RECORDED DATA below:

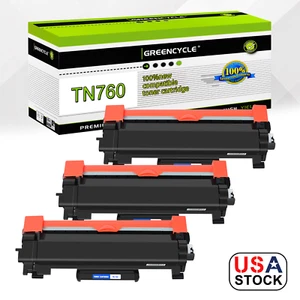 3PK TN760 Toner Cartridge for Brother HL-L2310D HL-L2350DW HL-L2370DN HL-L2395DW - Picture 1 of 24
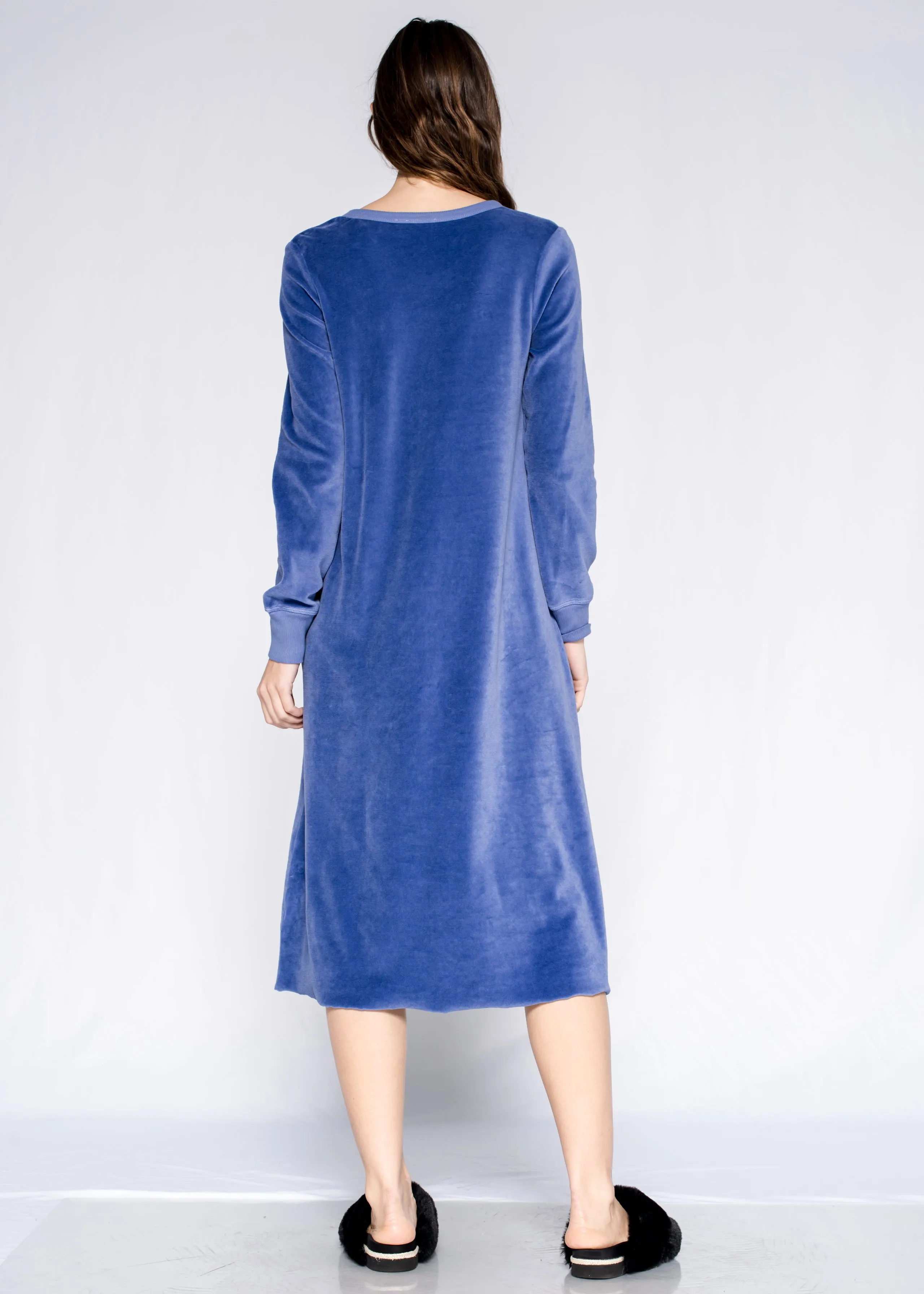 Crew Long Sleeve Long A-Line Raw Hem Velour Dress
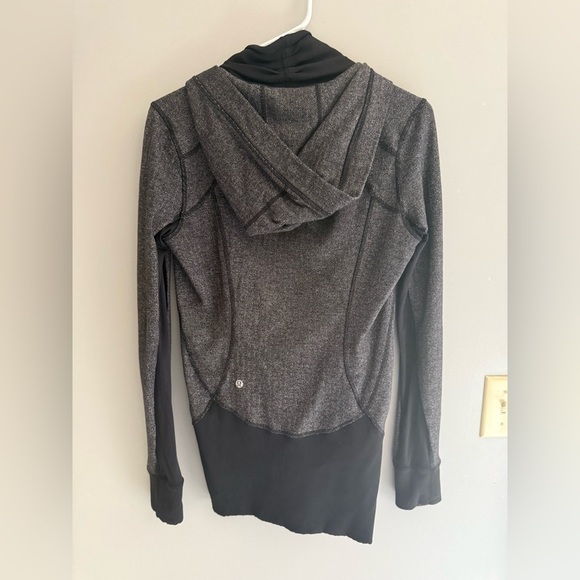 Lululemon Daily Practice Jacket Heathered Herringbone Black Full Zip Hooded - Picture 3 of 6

End of RECORDED DATA.

- WORK REQUIRED
Write out the whole listing again, exactly, with no pictures.

- TASK RESULT
 3PK TN760 Toner Cartridge for Brother HL-L2310D HL-L2350DW HL-L2370DN HL-L2395DW - Picture 1 of 24
 Crew Long Sleeve Long A-Line Raw Hem Velour Dress
 Lululemon Daily Practice Jacket Heathered Herringbone Black Full Zip Hooded - Picture 3 of 6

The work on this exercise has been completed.